▶ [Your task]: Pick every line out of the entries below that has the string "tissue", and copy it.

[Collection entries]
------
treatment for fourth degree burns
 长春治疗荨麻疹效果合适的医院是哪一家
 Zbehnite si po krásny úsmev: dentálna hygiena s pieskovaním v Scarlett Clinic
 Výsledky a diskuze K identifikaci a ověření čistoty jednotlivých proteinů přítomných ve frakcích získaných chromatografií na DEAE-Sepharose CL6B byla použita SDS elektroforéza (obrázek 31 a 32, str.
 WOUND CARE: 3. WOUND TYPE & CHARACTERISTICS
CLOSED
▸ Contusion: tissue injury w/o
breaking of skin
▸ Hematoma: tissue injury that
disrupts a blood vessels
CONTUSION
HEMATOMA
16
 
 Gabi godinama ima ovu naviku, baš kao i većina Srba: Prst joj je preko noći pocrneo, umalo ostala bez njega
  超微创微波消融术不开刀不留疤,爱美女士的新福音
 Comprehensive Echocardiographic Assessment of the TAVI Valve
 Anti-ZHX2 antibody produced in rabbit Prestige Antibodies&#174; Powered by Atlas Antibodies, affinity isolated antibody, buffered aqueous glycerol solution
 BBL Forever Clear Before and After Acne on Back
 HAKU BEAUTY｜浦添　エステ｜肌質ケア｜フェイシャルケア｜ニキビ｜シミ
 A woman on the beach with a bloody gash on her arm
------
▶ [Problem solution]:
▸ Contusion: tissue injury w/o
▸ Hematoma: tissue injury that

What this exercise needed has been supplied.